== Exercise requirements ==
Would you please transcribe the records below from the line with "Snapshot of gzn01" through their final line, exactly and with no other lines?

══ Exercise materials

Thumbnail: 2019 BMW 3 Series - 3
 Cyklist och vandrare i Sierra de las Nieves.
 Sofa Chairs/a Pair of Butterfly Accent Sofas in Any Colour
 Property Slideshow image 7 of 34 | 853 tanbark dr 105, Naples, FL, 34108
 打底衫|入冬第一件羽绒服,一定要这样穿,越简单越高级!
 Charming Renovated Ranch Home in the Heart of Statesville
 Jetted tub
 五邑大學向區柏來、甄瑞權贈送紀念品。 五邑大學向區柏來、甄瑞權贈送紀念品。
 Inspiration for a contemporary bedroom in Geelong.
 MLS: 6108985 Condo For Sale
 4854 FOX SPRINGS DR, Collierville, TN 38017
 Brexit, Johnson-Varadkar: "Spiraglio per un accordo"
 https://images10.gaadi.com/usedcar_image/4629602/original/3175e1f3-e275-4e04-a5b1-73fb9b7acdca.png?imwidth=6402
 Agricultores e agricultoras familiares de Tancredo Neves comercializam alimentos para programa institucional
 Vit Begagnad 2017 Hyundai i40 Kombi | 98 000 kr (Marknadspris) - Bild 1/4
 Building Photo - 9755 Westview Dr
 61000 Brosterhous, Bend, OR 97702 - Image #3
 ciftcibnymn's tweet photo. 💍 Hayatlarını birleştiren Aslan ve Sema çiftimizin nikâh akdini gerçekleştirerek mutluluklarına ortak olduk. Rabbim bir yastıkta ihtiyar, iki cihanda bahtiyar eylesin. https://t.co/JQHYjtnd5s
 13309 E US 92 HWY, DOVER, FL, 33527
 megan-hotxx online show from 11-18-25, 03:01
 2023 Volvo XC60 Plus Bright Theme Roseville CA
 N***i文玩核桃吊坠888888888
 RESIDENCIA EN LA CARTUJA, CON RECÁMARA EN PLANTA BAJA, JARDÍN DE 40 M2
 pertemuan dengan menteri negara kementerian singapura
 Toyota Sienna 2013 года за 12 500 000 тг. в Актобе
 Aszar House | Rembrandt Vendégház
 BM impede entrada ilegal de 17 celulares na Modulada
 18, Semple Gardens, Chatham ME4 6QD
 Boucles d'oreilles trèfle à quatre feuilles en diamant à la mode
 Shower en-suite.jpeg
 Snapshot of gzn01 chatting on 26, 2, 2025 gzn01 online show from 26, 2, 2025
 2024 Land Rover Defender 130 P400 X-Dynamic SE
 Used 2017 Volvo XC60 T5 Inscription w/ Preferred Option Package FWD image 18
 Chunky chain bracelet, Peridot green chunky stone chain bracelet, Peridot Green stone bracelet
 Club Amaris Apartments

════

== Task output ==
 Snapshot of gzn01 chatting on 26, 2, 2025 gzn01 online show from 26, 2, 2025
 2024 Land Rover Defender 130 P400 X-Dynamic SE
 Used 2017 Volvo XC60 T5 Inscription w/ Preferred Option Package FWD image 18
 Chunky chain bracelet, Peridot green chunky stone chain bracelet, Peridot Green stone bracelet
 Club Amaris Apartments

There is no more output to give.